[Dataset records]
*** Begin section ***

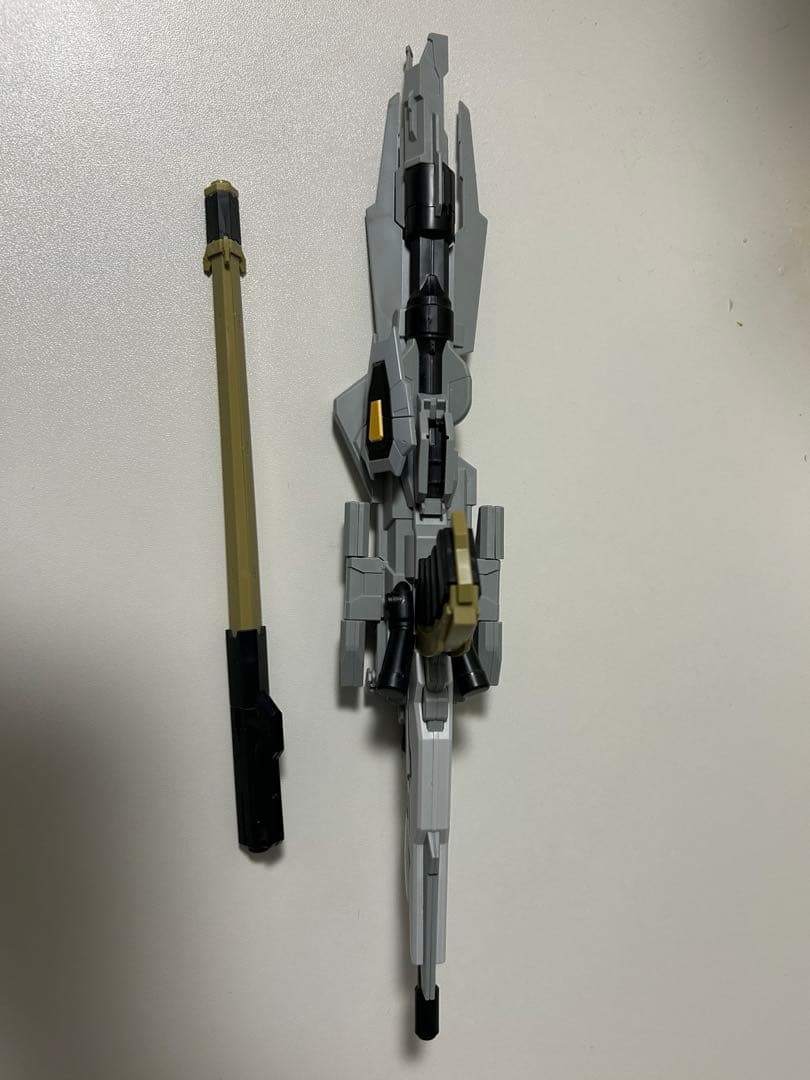 HG デスティニーSPECⅡ ゼウスシルエット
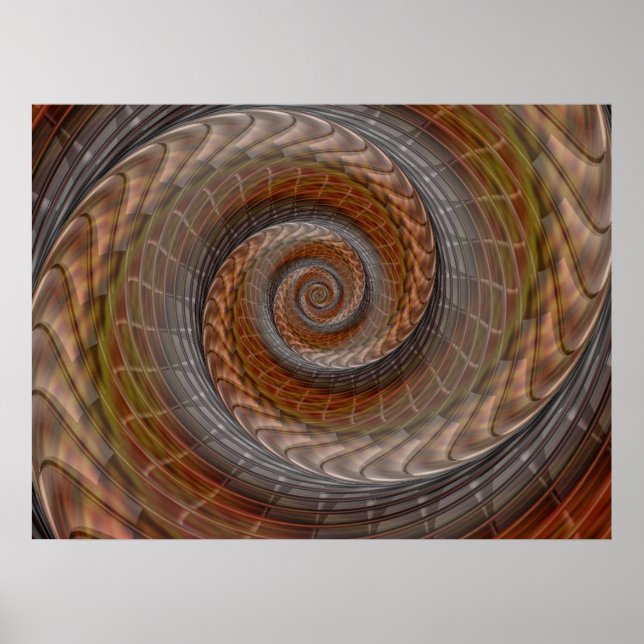 Helicoid Poster (Front)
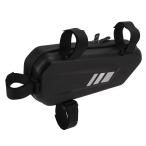 SIXRUN для мотоцикла подседельная сумка 2 литров водонепроницаемый подставка крепление сумка 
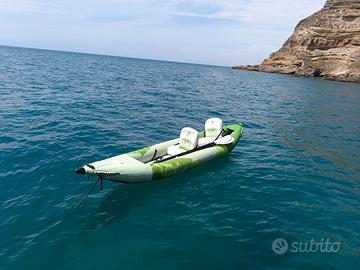 Kayak gonfiabile AQUA MARINA BETTA 412 2 posti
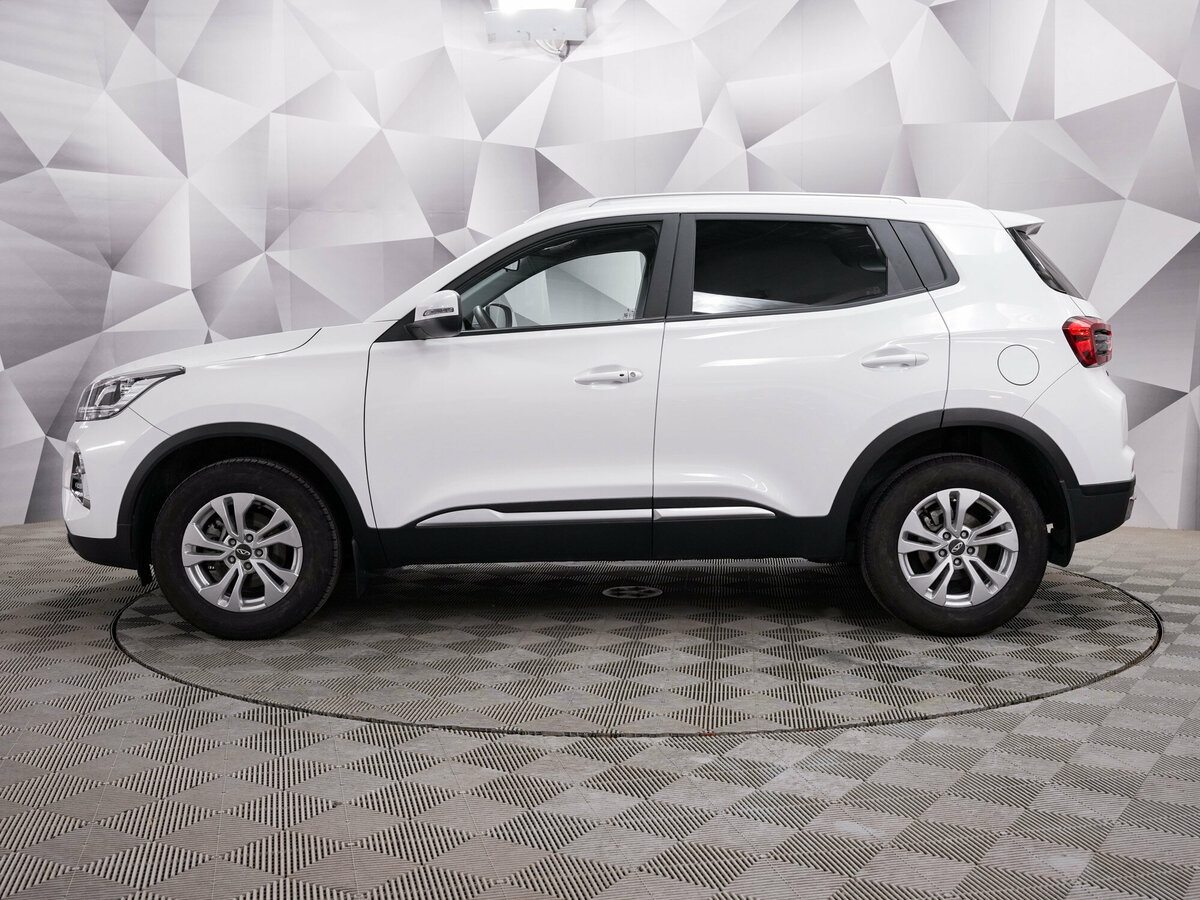 Chery Tiggo 4 Pro 2024 года с пробегом. Фото: #1
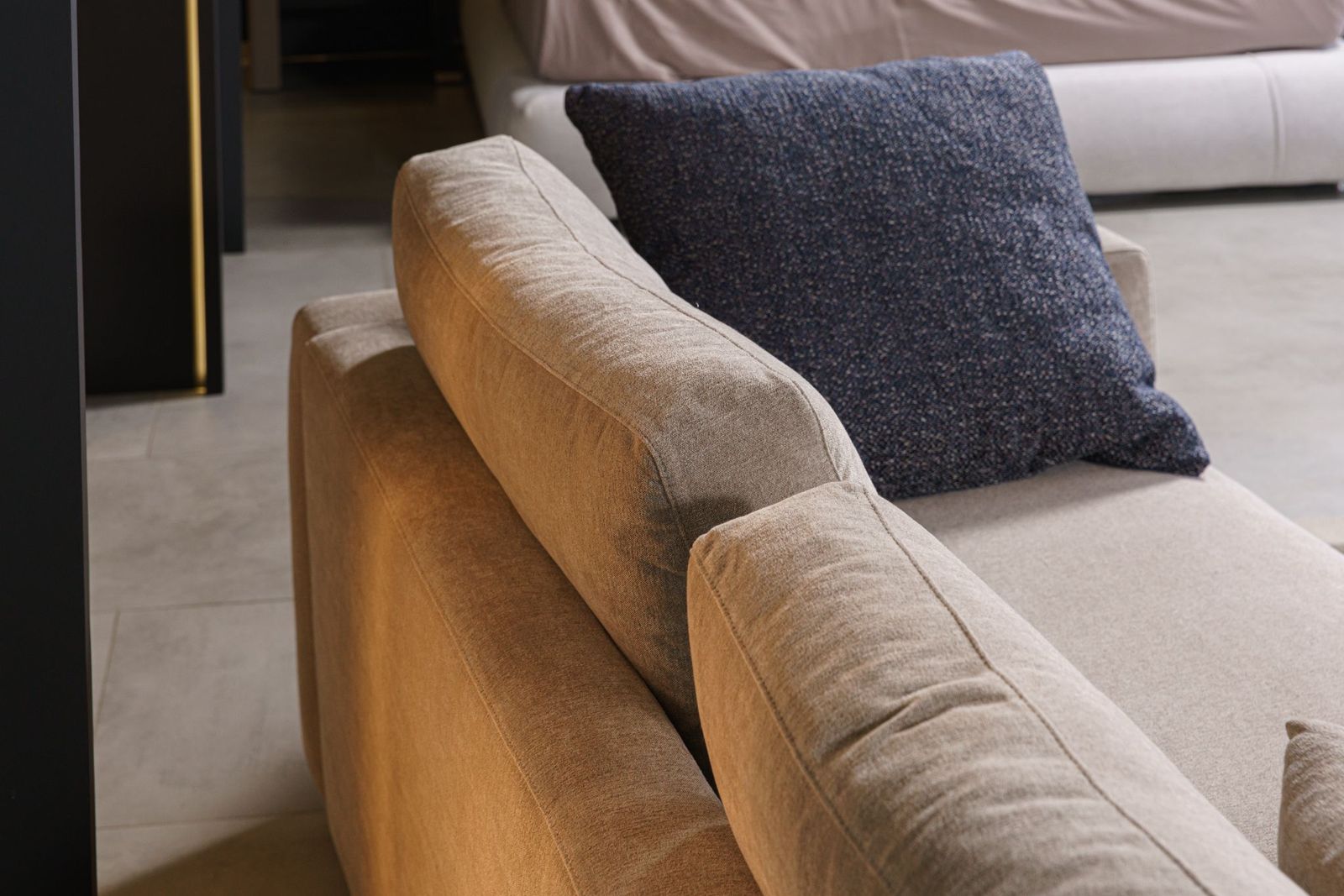 Flou Диван My Place 781 от Flou — в интерьере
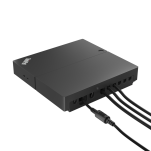 Lenovo ThinkPad Universal USB-C Smart Dock - ThinkSmart Edition (40BN0135EU) - 7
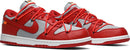 Nike Dunk Low "Off-White University Red"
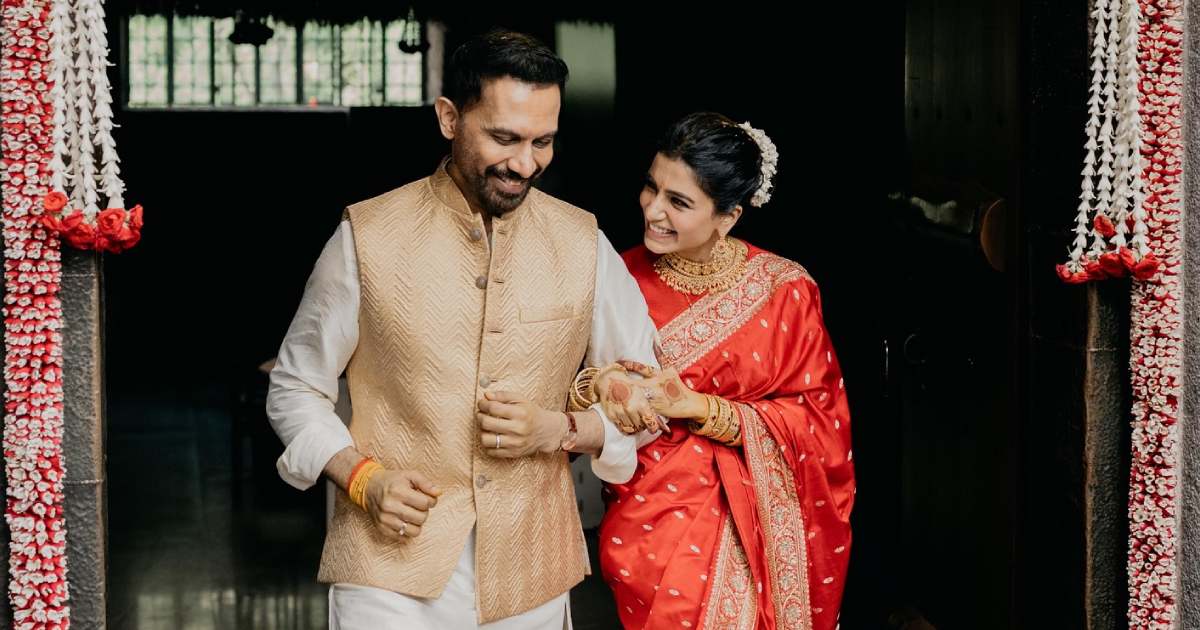 Samantha Ruth Prabhu & Raj Nidimoru Net Worth 2025: Decoding Their Money Game After Wedding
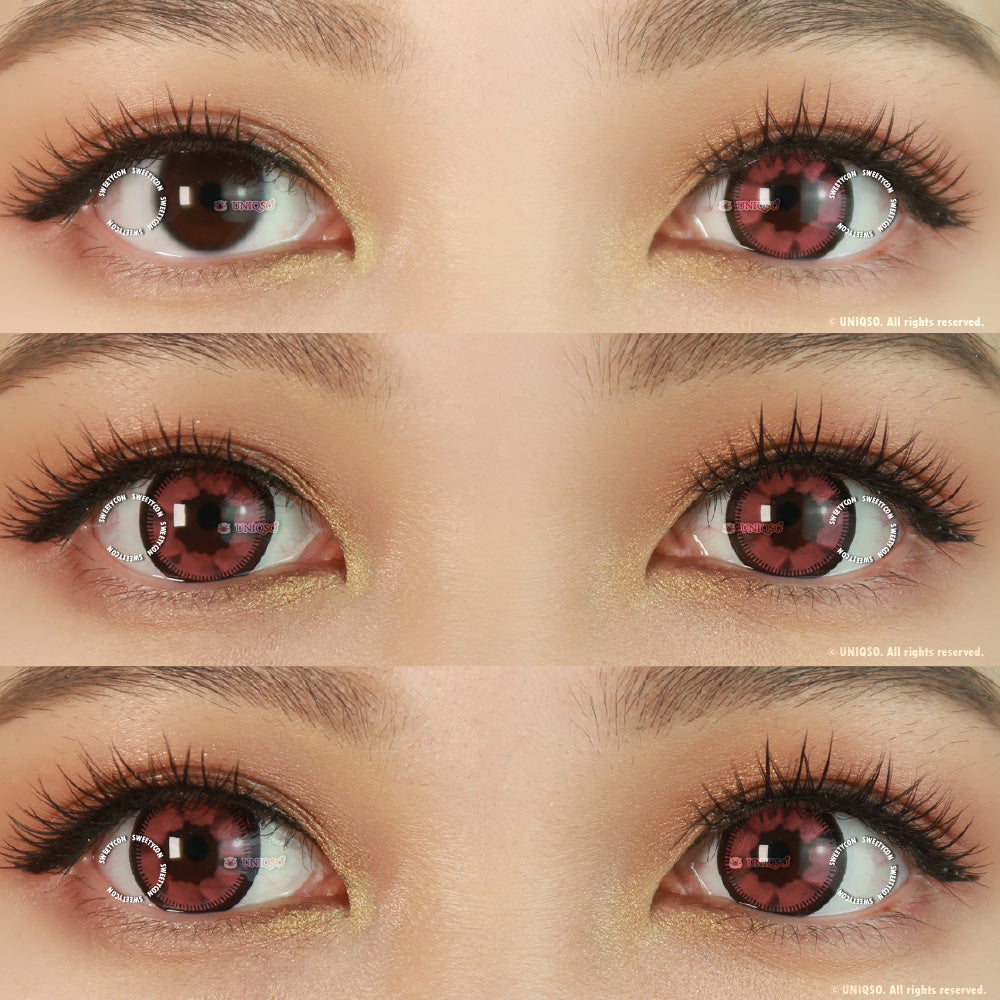 Kazzue Heavenly Jelly Pink (1 lens/pack)-Colored Contacts-UNIQSO EU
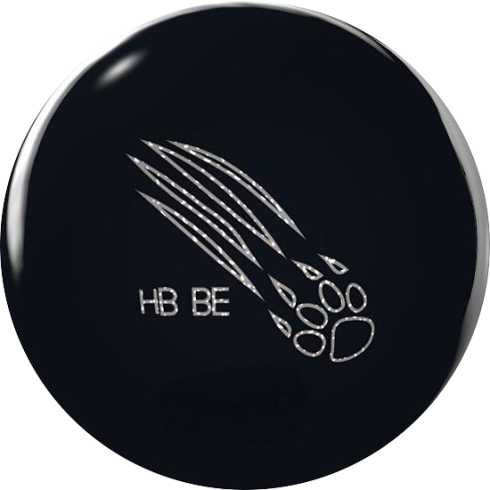 900 Global Honey Badger Black Edition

*** End section ***

**Directions for this task**
Repeat only the lines from the one with "Lenovo ThinkPad Universal" through the end of the data, both included and exactly as written. Pictures stay out of the copy.

**Solution for this task**
 Lenovo ThinkPad Universal USB-C Smart Dock - ThinkSmart Edition (40BN0135EU) - 7
 Nike Dunk Low "Off-White University Red"
 Samantha Ruth Prabhu & Raj Nidimoru Net Worth 2025: Decoding Their Money Game After Wedding
 Kazzue Heavenly Jelly Pink (1 lens/pack)-Colored Contacts-UNIQSO EU
 900 Global Honey Badger Black Edition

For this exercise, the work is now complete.